*DATASET SECTION*
[Start of Attachment]
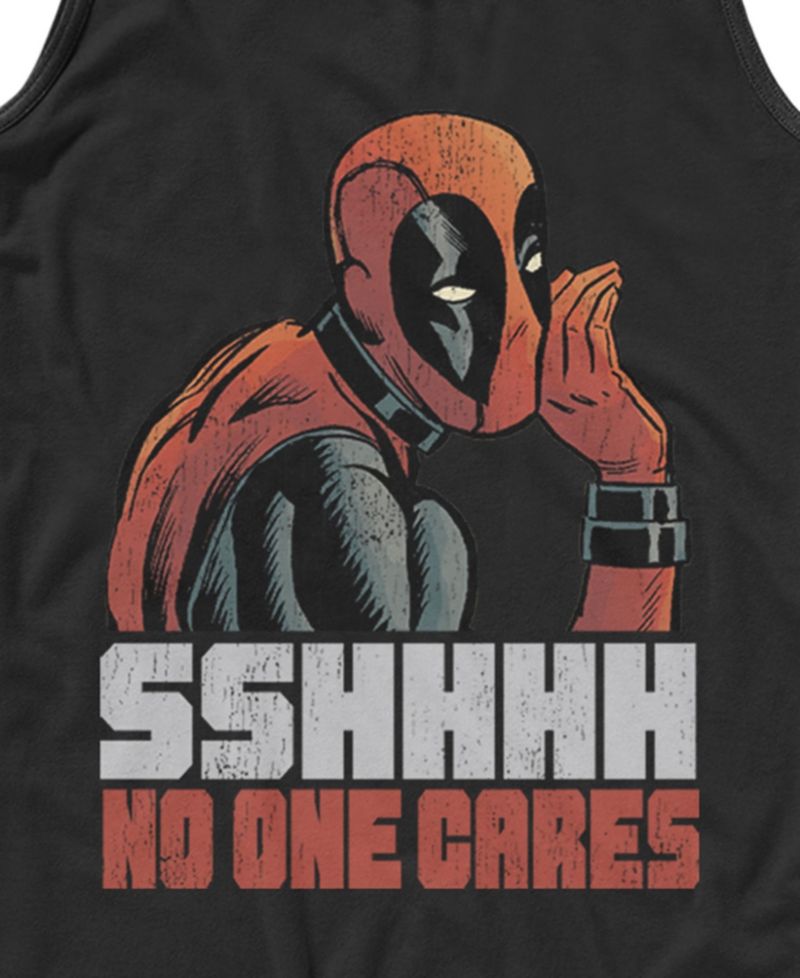 Men's Marvel Deadpool No One Cares Tank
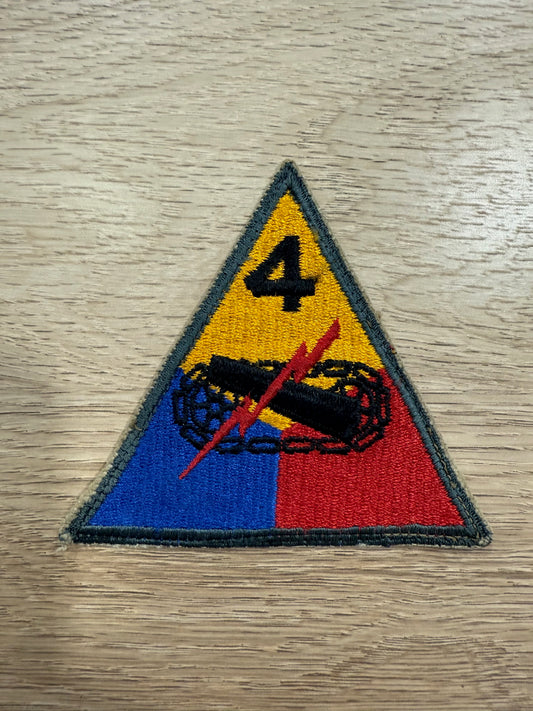 Patch US 4st Armored Division US, Laine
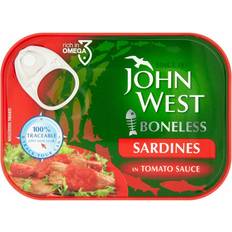 Sauces John West Boneless Sardines in Tomato Sauce, 95g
[End of Attachment]
*TASK REQUIREMENTS*
Retype the listing verbatim, minus every image.

*EXERCISE OUTPUT*
 Men's Marvel Deadpool No One Cares Tank
 Patch US 4st Armored Division US, Laine
 Sauces John West Boneless Sardines in Tomato Sauce, 95g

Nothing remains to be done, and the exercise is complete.